DATA FOR PROCESSING Start Marker

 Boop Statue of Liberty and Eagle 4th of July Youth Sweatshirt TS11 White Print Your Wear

DATA FOR PROCESSING End Marker
DATA FOR PROCESSING Start Marker

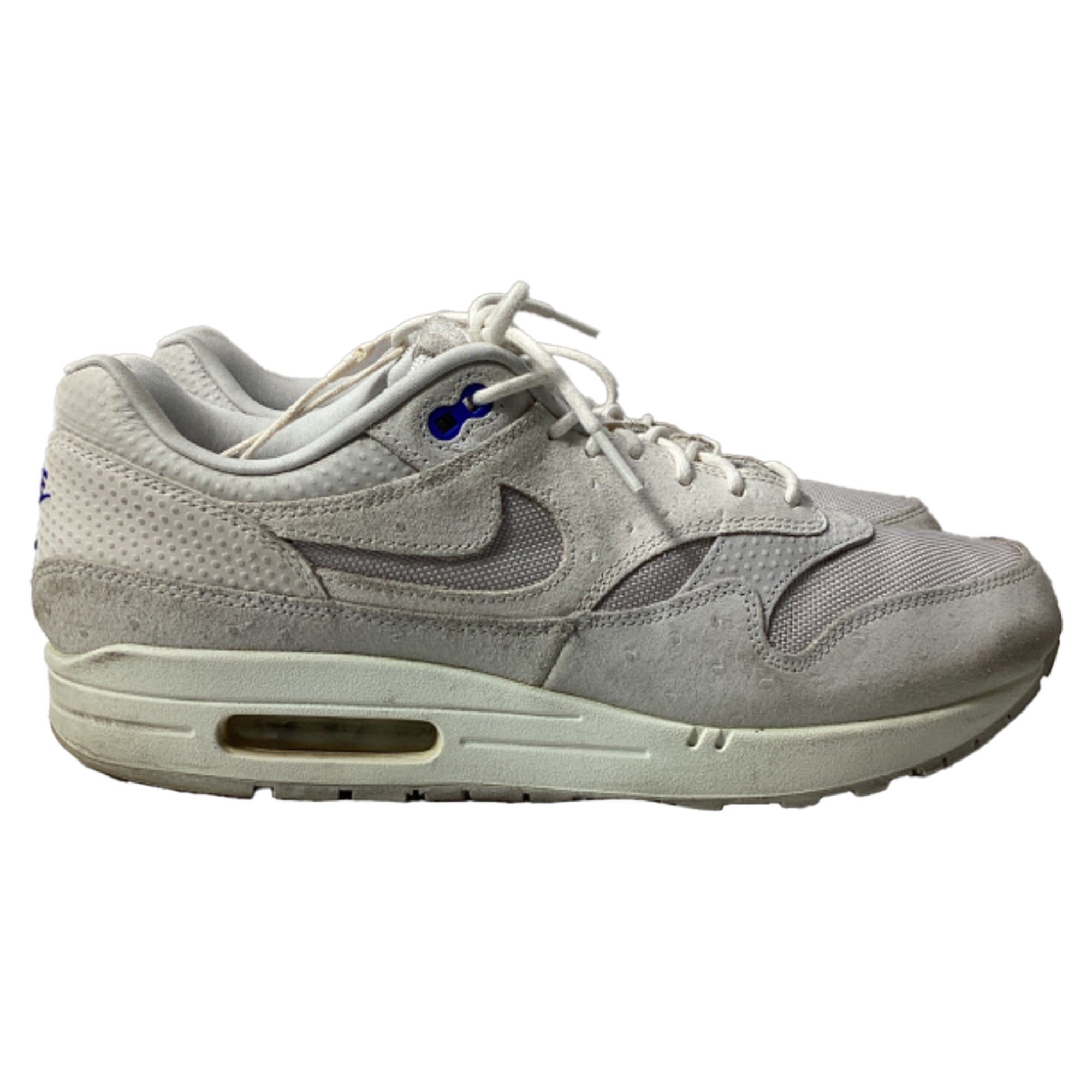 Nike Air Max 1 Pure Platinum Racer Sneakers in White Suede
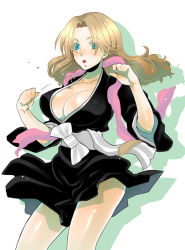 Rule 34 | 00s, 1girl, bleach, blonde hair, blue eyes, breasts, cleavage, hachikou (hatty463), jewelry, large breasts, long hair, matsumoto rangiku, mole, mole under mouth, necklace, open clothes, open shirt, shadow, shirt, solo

DATA FOR PROCESSING End Marker

• [WHAT TO WORK ON] The output is the stretch above from the line with "Nike Air Max" through the line with "Rule 34 | 00s, 1girl, bleach, blonde", copied word for word with both ends kept and every picture dropped.

• [YOUR RESPONSE]
 Nike Air Max 1 Pure Platinum Racer Sneakers in White Suede
 Rule 34 | 00s, 1girl, bleach, blonde hair, blue eyes, breasts, cleavage, hachikou (hatty463), jewelry, large breasts, long hair, matsumoto rangiku, mole, mole under mouth, necklace, open clothes, open shirt, shadow, shirt, solo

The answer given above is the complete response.